**Exercise input**
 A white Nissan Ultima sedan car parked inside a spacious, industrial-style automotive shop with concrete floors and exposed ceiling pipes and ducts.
...
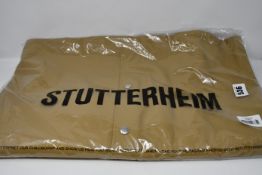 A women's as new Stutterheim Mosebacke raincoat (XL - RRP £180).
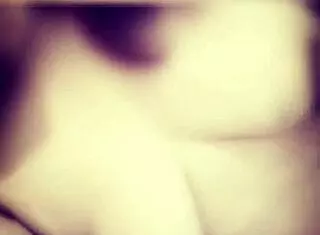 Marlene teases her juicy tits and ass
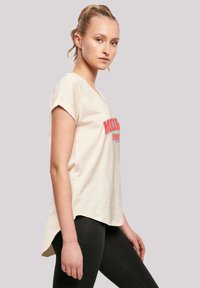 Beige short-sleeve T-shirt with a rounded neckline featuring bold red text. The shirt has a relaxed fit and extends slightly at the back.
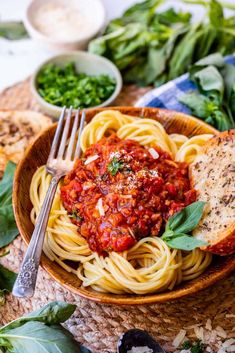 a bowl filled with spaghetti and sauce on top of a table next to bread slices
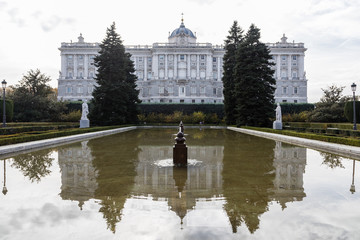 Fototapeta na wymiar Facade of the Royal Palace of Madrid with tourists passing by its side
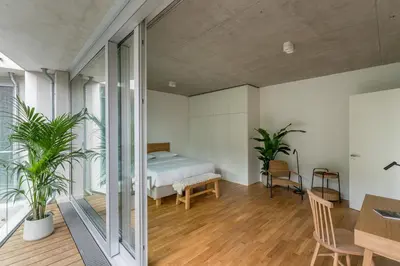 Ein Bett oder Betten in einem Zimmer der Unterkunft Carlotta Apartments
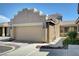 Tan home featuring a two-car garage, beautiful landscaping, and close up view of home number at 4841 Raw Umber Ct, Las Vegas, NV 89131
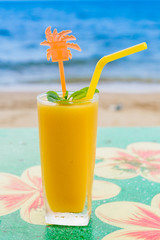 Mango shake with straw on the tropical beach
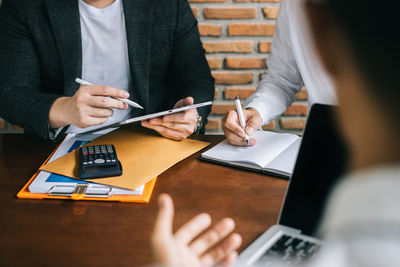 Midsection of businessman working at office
...
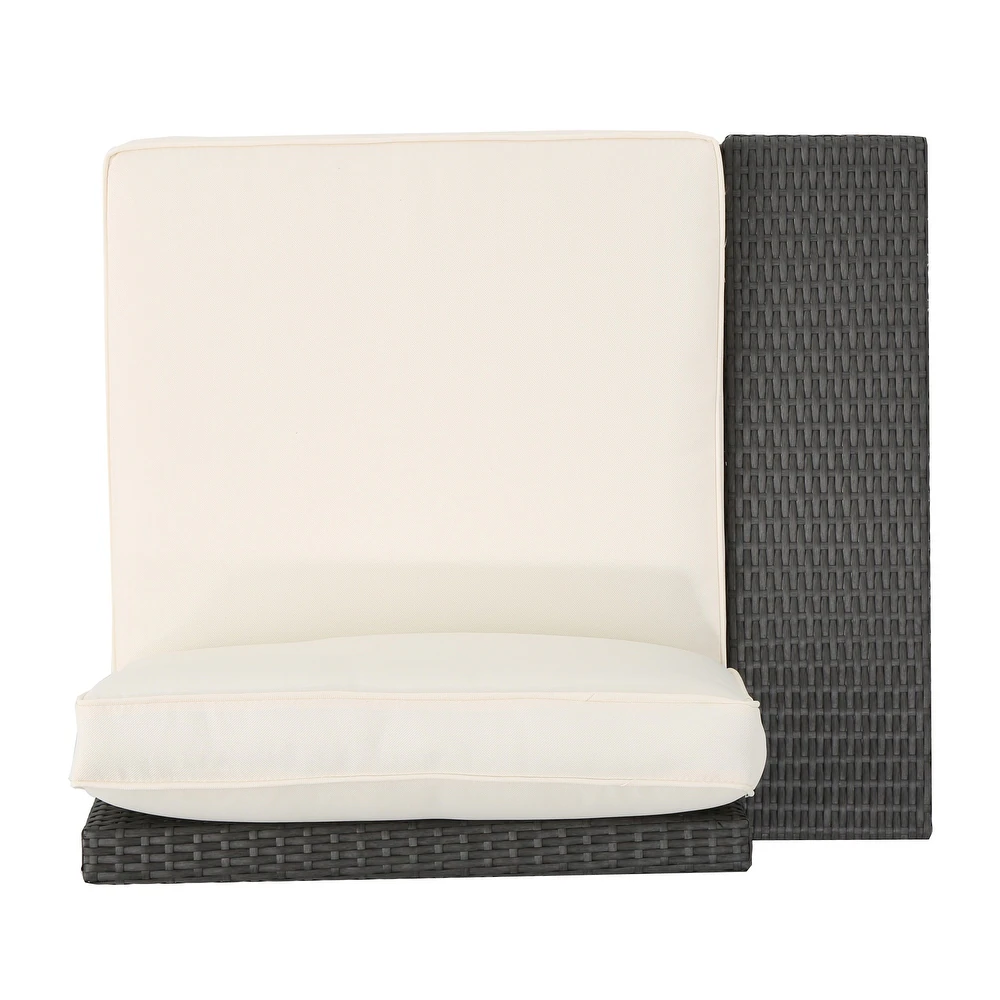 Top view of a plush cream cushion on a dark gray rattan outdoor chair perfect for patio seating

**What you need to do**
Nothing outside the stretch above, from the line with "Marlene teases her juicy tits and ass" through the line with "a bowl filled", is set down. Transcribe that stretch exactly, ends included, but not its pictures.

**Solution to the problem**
 Marlene teases her juicy tits and ass
 Beige short-sleeve T-shirt with a rounded neckline featuring bold red text. The shirt has a relaxed fit and extends slightly at the back.
 a bowl filled with spaghetti and sauce on top of a table next to bread slices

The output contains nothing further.